According to the US Department of Transportation, one pedestrian is killed by a vehicle every 85 minutes in the United States. Wheelchair users alone are 36% more likely to be killed in a road accident compared to the general public. Unfortunately, there is little data and limited dedicated research to reveal the risk factors that make intersections more dangerous for certain groups.
To help address this challenge, the Transportation Forecasting Competition (TRANSFOR 22) is calling on teams to develop creative and innovative approaches to help make our cities safer for vulnerable road users.
In this competition, participants will be utilizing lidar datasets to improve roads for our most vulnerable users, including individuals with limited mobility, cyclists, and people pushing strollers.
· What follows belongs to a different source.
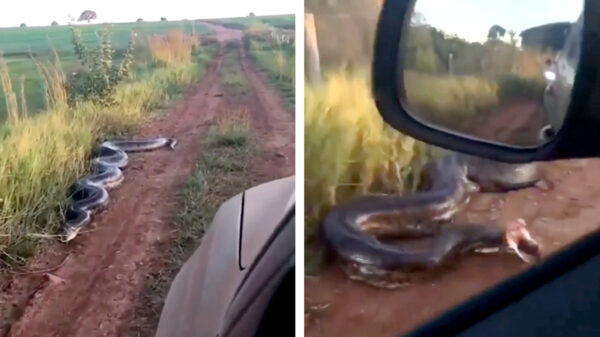 Deze Braziliaan is behoorlijk pissssig dat hij geen lift krijgt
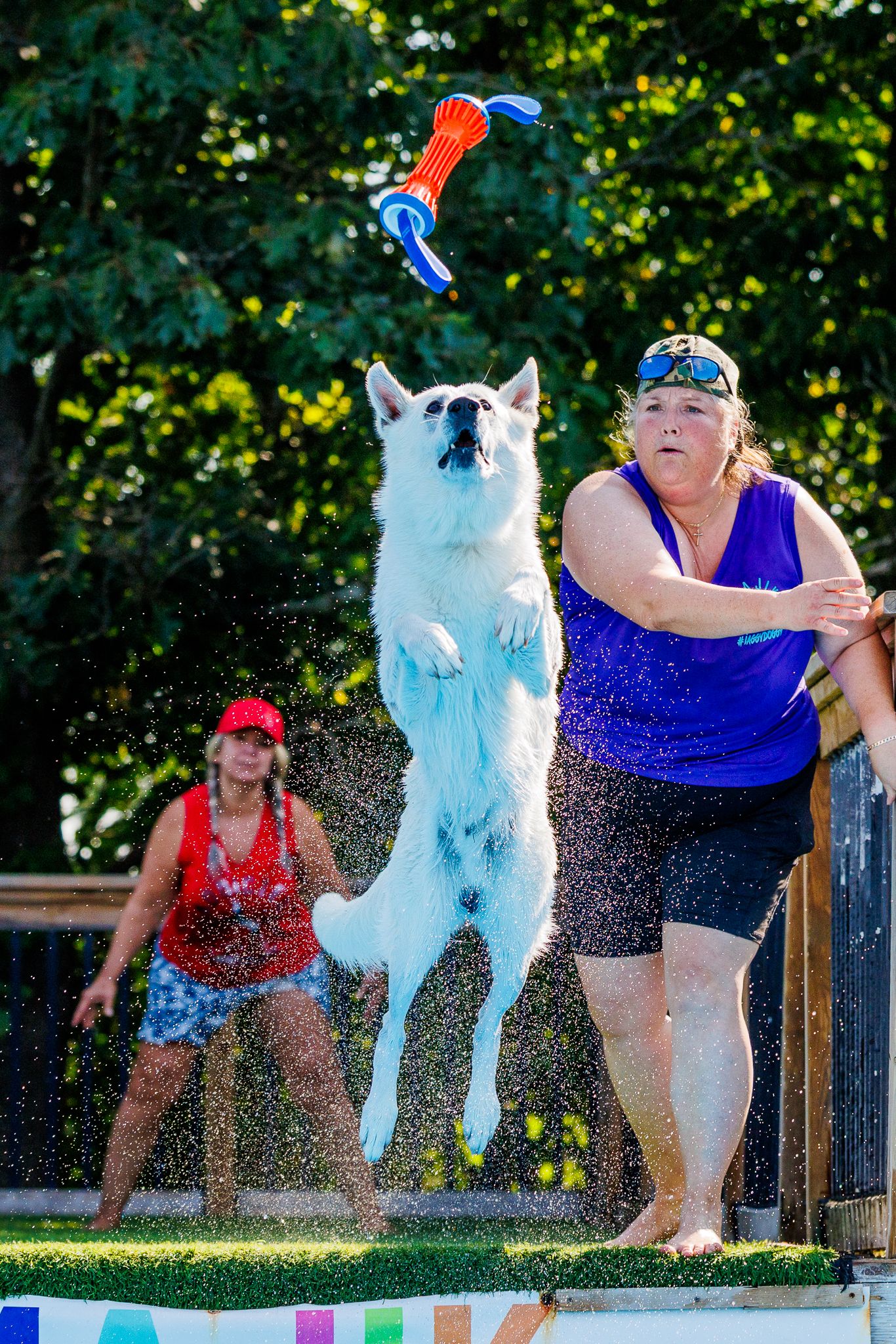 White dog leaping to catch a toy while a woman in blue watches at an outdoor dock diving competition.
Register by November 14th, 2021 to participate and a chance to present your solution at the Transportation Research Board conference in January 2022.
Intersections are not designed with all road users in mind
Most signalized intersections today have pre-timed signals with standardized WALK intervals of only 4-7 seconds that are designed for the “typical” pedestrian with an assumed walking speed of 3.5-4/feet per second. WALK intervals do not account for users who may need additional time or assistance – whether it’s someone in a wheelchair, pushing a stroller, or simply walking at a slower pace.
One solution is a more dynamic signaling approach that can recognize and distinguish users requiring more (or less) time based on mode and/or mobility. By enabling real-time detection using digital 3D lidar systems installed on traffic infrastructure, municipalities can accelerate progress towards improving traffic safety at intersections without compromising personal privacy.
However, dynamic signal control based on advanced user classification requires further research. This is where we need your expertise.
Call for entrants at TRANSFOR 22
In this TRANSFOR 22 challenge, contestants will be provided with robust lidar data collected from an intersection in downtown Chattanooga, Tennessee. Objects in the dataset will be labeled with pedestrian, vehicle, two-wheeler, and subclassification features of object size and velocity.
Using this data, contestants can evaluate the data accuracy of vulnerable pedestrian groups, predict the time needed for them to safely cross a street, and ideate creative solutions to make dynamic signal control a reality.
Ouster lidar, along with 3D computer vision software provided by Seoul Robotics, is used to provide enriched three-dimensional views of the intersection regardless of weather conditions or time-of-day. This ensures that the data accurately represents a given intersection through all hours of the day and in all edge cases.
The top three entrants will present their projects as part of the Transportation Research Board (TRB) Standing Committee on Artificial Intelligence and Advanced Computing Applications (AED50) during the upcoming Annual Meeting of TRB in January 2022. The final winner will be selected based on classification accuracy, novelty of solutions, quality of the code, and quality of the presentation. First prize will be awarded $3,000, second prize $2,000, and third prize $1,000.
This is an amazing opportunity to make a lasting impact on road safety. Register and learn more about the competition and the data.
About TRANSFOR 22
This competition is organized by the TRB AED50 Committee with the support of IEEE ITSS Technical Activities Sub-Committee “Smart Mobility and Transportation 5.0.” Data for TRANSFOR 22 is from one of the intersections on the MLK Smart Corridor, an urban testbed in downtown Chattanooga. The Center for Urban Informatics and Progress (CUIP) at The University of Tennessee at Chattanooga (UTC) owns and operates the testbed. Ouster and Seoul Robotics are co-sponsoring the prizes for TRANSFOR 22, with CUIP and the City of Chattanooga, serving as proud sponsors and contributors.